Task prompt ::
Skip the pictures. Return exactly the lines from the one containing "Sunset Models 3rd" through the end of the entries below.

Material for this task ::
============

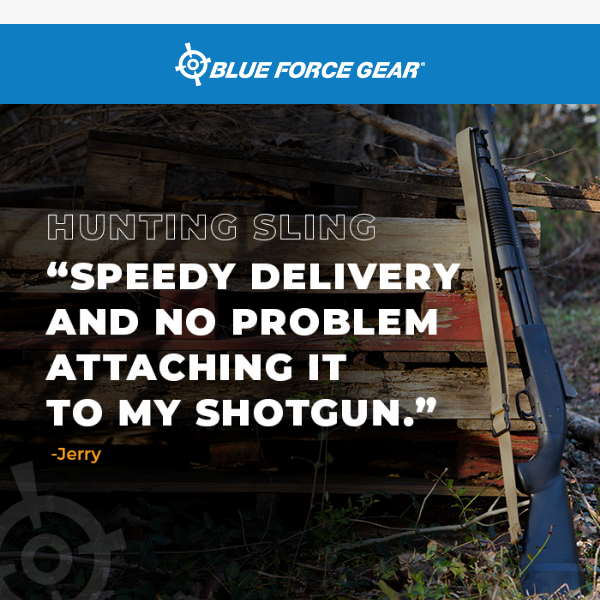 Shotgun Hunting Sling Review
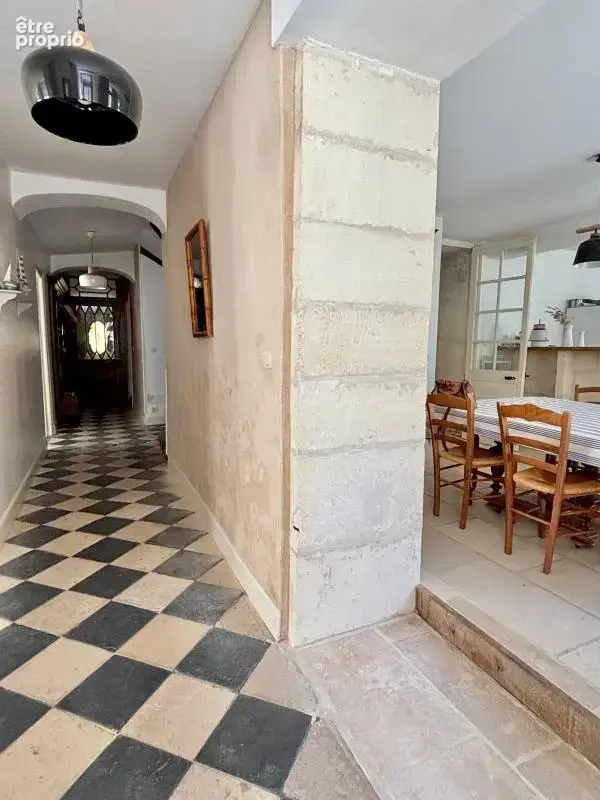 Maison de caractère exceptionnelle en plein cœur du centre-ville - photo 4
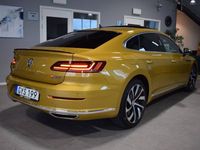 begagnad VW Arteon 2.0 TDI 4Motion DSG R-Line Drag Taklucka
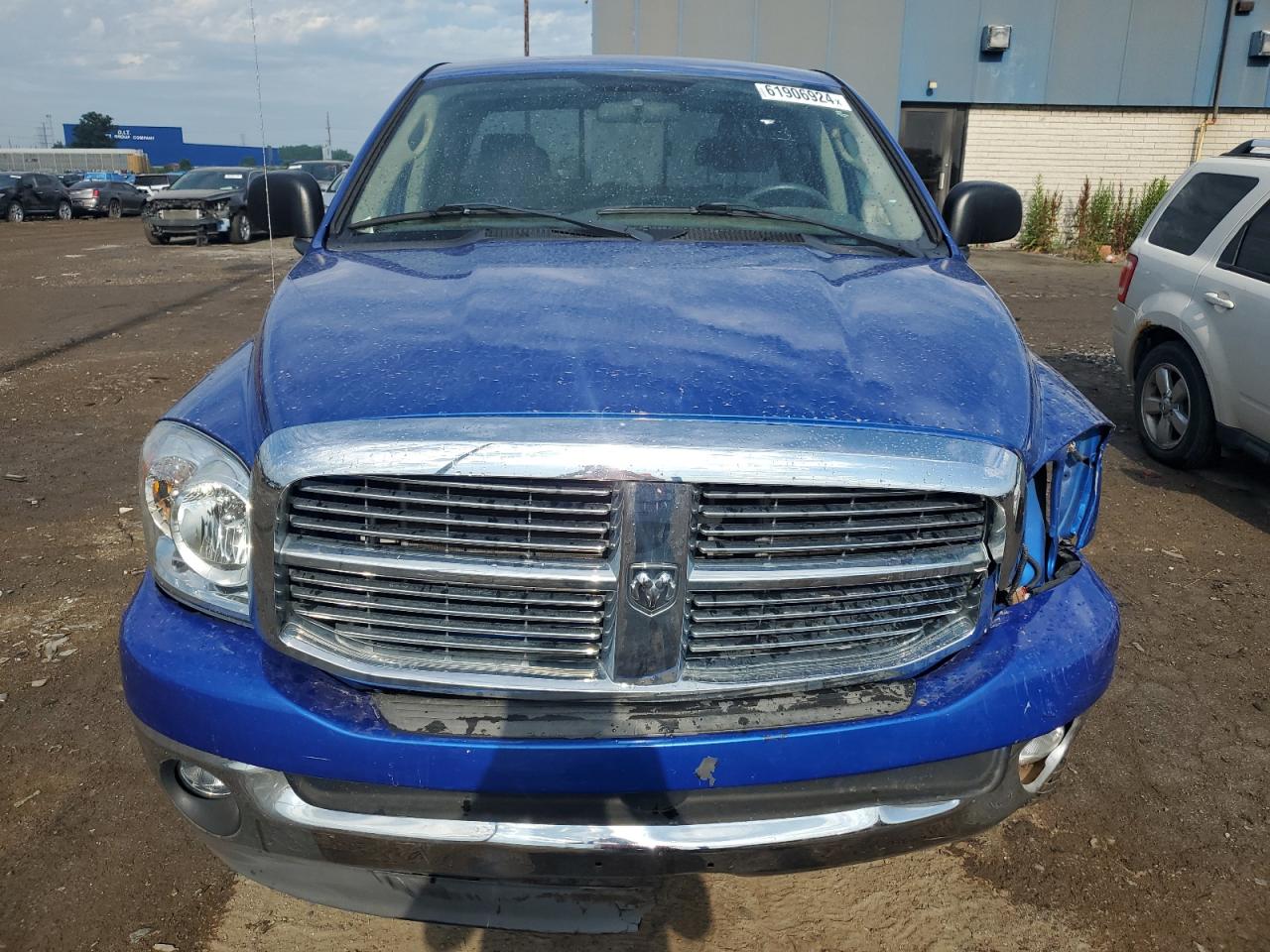 1D7HU18278S563796 2008 Dodge Ram 1500 St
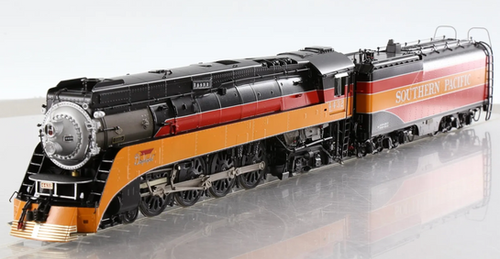 Sunset Models 3rd Rail Southern Pacific GS-4 Daylight | Third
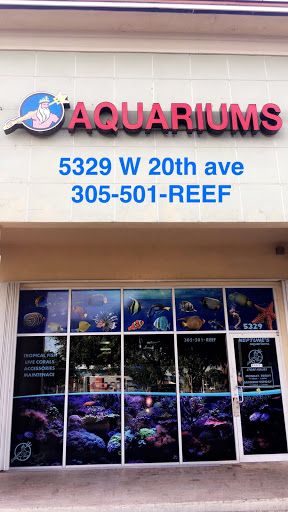 Aquarium «Neptunes Aquariums», reviews and photos, 5329 W 20th Ave, Hialeah, FL 33012, USA
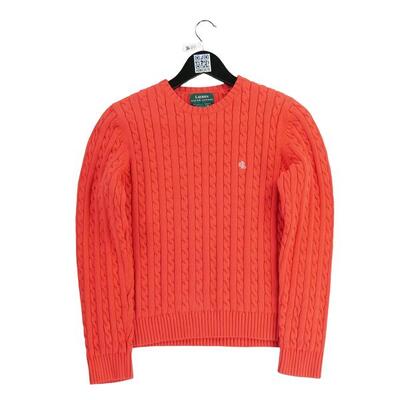 Second life - Damen Roter Pullover - Wie neu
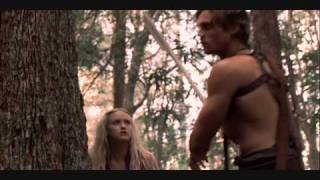 BeastMaster the Tv Series Flashback with Curupira and a Pretty boy [upl. by Colline]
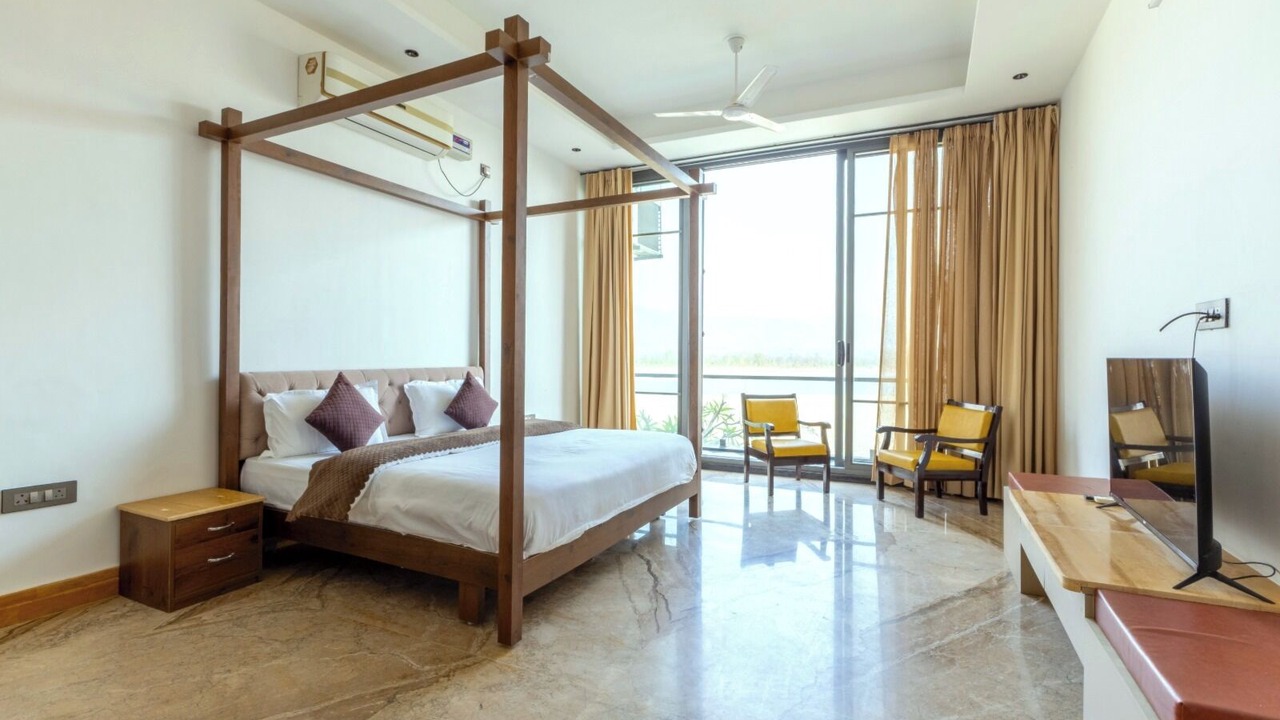 Photo of Bedroom in Haridwar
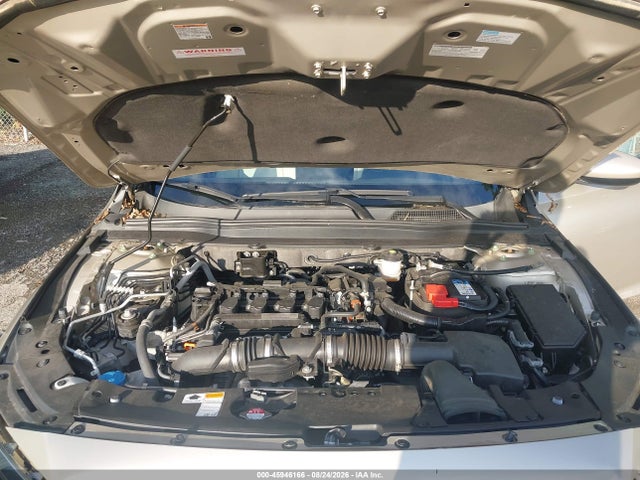 Aukcja sprzedaży 2018 Honda Accord Lx, vin: 1HGCV1F13JA124894, numer aukcji: 45946166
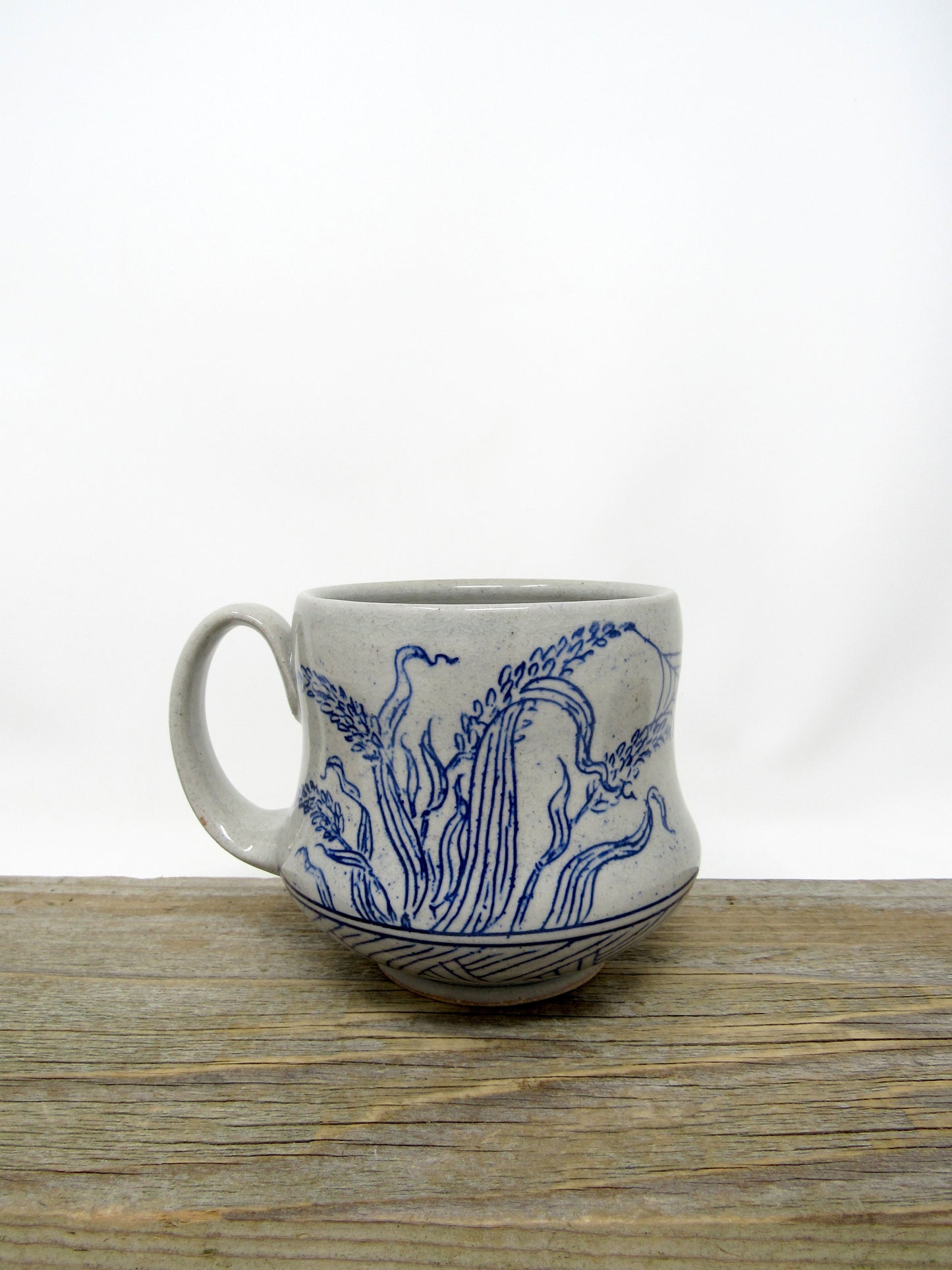 Wild Grass Mug #3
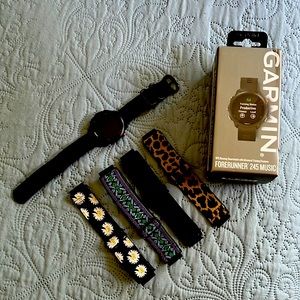 Garmin Forerunner 235 Music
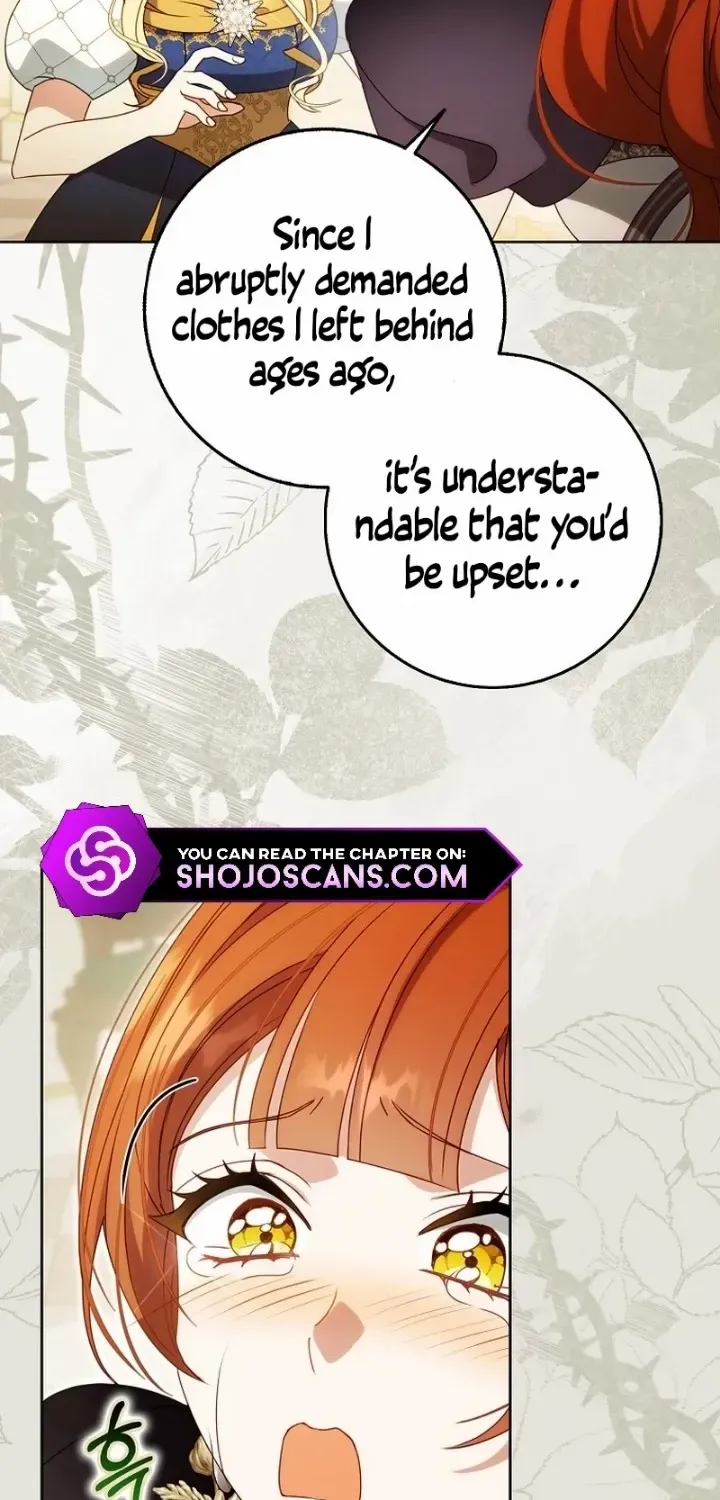 The secrets of the lovely duchess Zinmanga X Chapter 27 Page 4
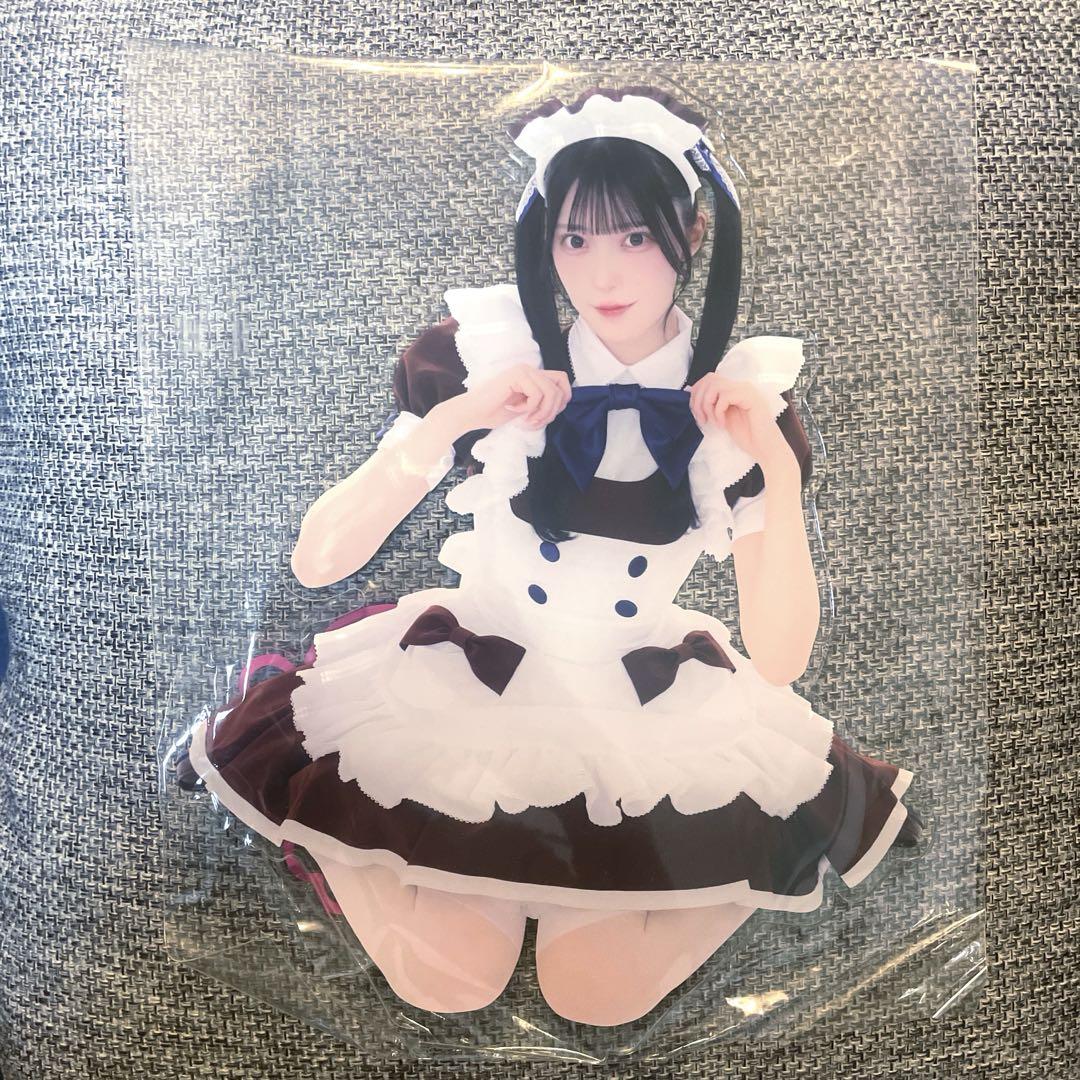 あっとほぉーむカフェ ビッグアクスタ くもり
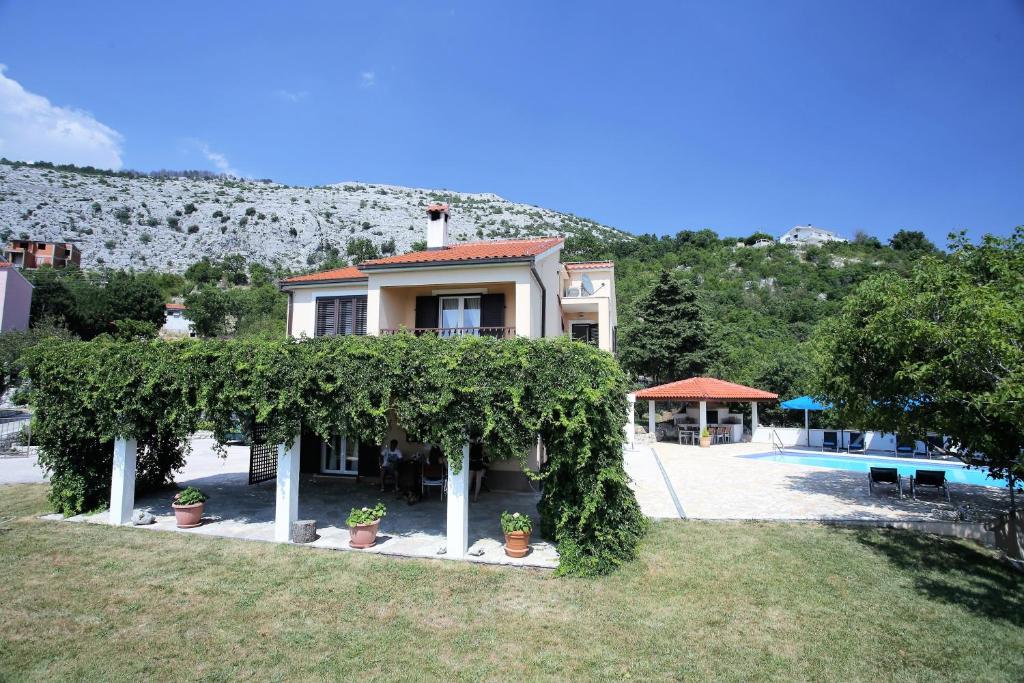 Fotografie z fotogalerie ubytování Villa Mahon - the best of Split, Dalmatia, Croatia v destinaci Gornje Sitno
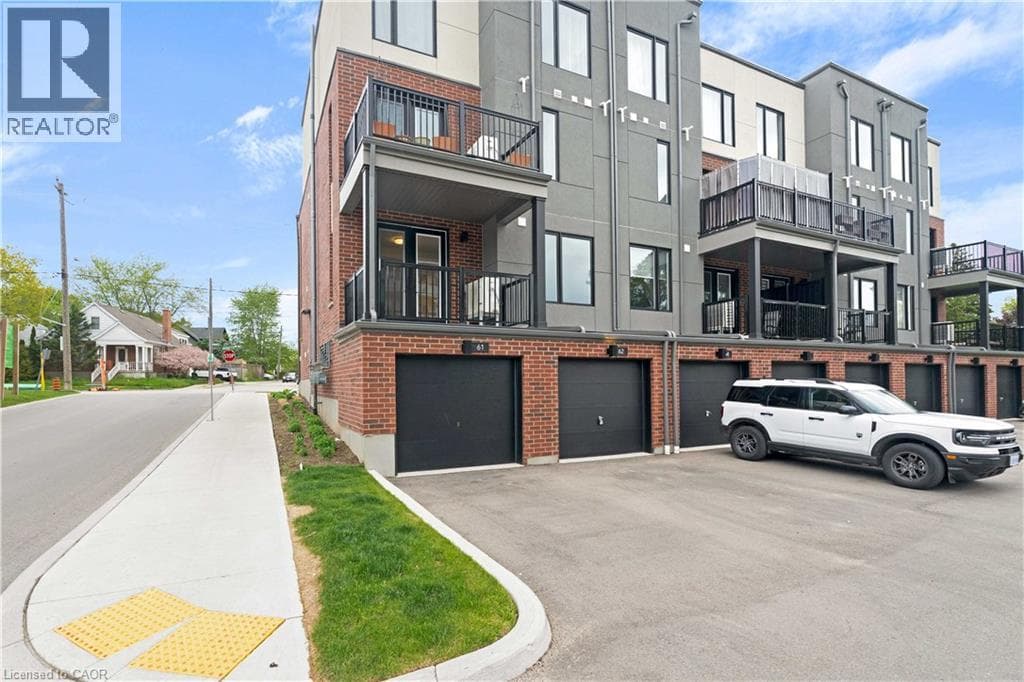 Townhouse for sale at 99 ROGER Street Unit# 61, Mary Allen, Waterloo, Ontario, photo 26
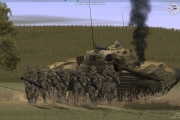 Combat Mission: Shock Force: 13 neue Screenshots zeigen Inhalte aus dem Content Update von Combat Mission Shock Forces NATO Module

============

Exercise answer ::
 Sunset Models 3rd Rail Southern Pacific GS-4 Daylight | Third
 Aquarium «Neptunes Aquariums», reviews and photos, 5329 W 20th Ave, Hialeah, FL 33012, USA
 Second life - Damen Roter Pullover - Wie neu
 BeastMaster the Tv Series Flashback with Curupira and a Pretty boy [upl. by Colline]
 Photo of Bedroom in Haridwar
 Aukcja sprzedaży 2018 Honda Accord Lx, vin: 1HGCV1F13JA124894, numer aukcji: 45946166
 Wild Grass Mug #3
 Garmin Forerunner 235 Music
 The secrets of the lovely duchess Zinmanga X Chapter 27 Page 4
 あっとほぉーむカフェ ビッグアクスタ くもり
 Fotografie z fotogalerie ubytování Villa Mahon - the best of Split, Dalmatia, Croatia v destinaci Gornje Sitno
 Townhouse for sale at 99 ROGER Street Unit# 61, Mary Allen, Waterloo, Ontario, photo 26
 Combat Mission: Shock Force: 13 neue Screenshots zeigen Inhalte aus dem Content Update von Combat Mission Shock Forces NATO Module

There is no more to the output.